De week, daarop, op zondag 17 november 1889 werd de eerste dienst in de nieuwe kerk gehouden. Deze stond uiteraard onder leiding van ds. Sleeswijk Visser en als eregast was aaanwezig ds. J.J.A. Ploos van Amstel uit het Friese Reitsum, een van de eerste Doleantiepredikanten. Burgemeester Kruyff en enkele gemeenteraadsleden waren eveneens aanwezig. Omdat er nog geen orgel in de kerk was gingen P. Klootwijk en A.R. van Nes Czn. de gemeentezang begeleiden met een serafine, een klein huisorgel.

Een serafine (foto: ‘Wikimedia Commons’).

Ds.

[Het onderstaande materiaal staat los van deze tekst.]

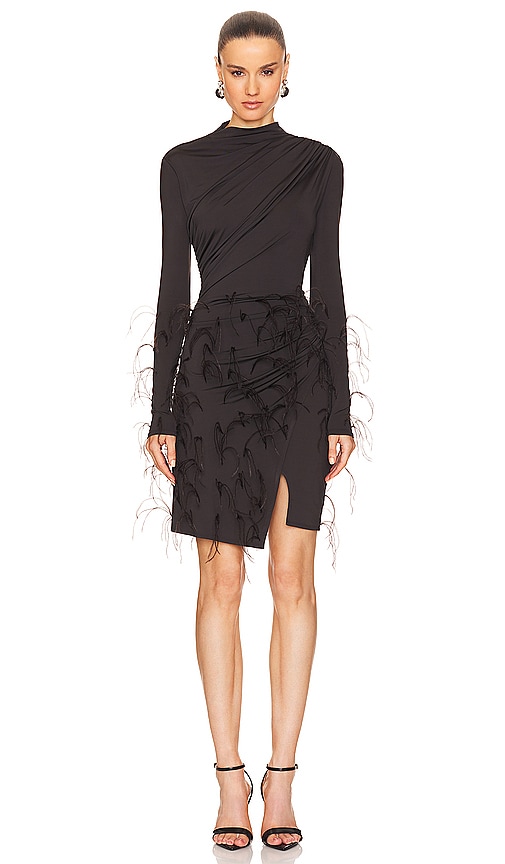 Lapointe Draped Mini Dress in Cacao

Sleeswijk Visser preekte ’s ochtends over 2 Samuel 6 de verzen 16 en 17, handelend over de overbrenging van de Ark naar Jeruzalem. Ds. Ploos van Amstel hield ’s middags zijn preek over Efeziërs 2 de verzen 19 en 20 (“Gebouwd op het fundament der apostelen en profeten, waarvan Jezus Christus is de uiterste Hoeksteen“), bedoeld als een felle aanklacht tegen het ‘Reglementair geknutsel’ van de hervormde kerk.

De kerk – met haar 554 zitplaatsen – zat tot de nok toe vol. ’s Morgens waren er negenhonderd kerkgangers, ’s middags zelfs nog tweehonderd meer! “Volgens ds. Sleeswijk Visser meenden zij die buiten het gebouw waren, dat daarbinnen brand was, zoo ging de warme lucht door het torentje op het dak naar buiten; de vloer rondom den kansel is op dien dag iets gezakt. Zooveel menschen hadden daar een staanplaats!”

De dankbaarheid was groot. Dat was ook merkbaar aan de opbrengst van de collecte voor de diaconie: niet minder dan fl. 100. Hoe dan ook, ieder was tevreden met het nieuwe bedehuis.

De gereformeerde kerk en de pastorie in de beginjaren (de pastorie dateert echter van 1917).

Een Jongelingsvereniging gaat in Doleantie…

Sinds 1884 bestond in Rijsoord al een Jongelingsvereniging (JV); in dat jaar werd op 13 januari namelijk de eerste vergadering gehouden van de ‘Christelijke Jongelingsvereniging’. Toen in Rijsoord in 1889 de Nederduitsche Gereformeerde Kerk (doleerende) werd geïnstitueerd, ging een deel van de JV met de Doleantie mee en zette het werk binnen de Dolerende kerk voort. Als bestuursleden van de JV werden bij de oprichting gekozen: A.R. van Nes Czn. (president), Teunis Huizer, vice-president, Cornelis Stok, secretaris, Pieter van der Linden, vice-secretaris, Adr. De Jong Dzn., Penningmeester en Jan de Kool, vice-penningmeester. De Jongelingsvereniging kreeg ook een naam: ‘Colossenzen 3 vers 2’. Aanvankelijk werden ook de namen Excelsior en De Zoekende voorgesteld, maar de voorkeur werd gegeven aan ‘Bedenkt de dingen, die boven zijn, niet die op de aarde zijn’ uit Colossenzen.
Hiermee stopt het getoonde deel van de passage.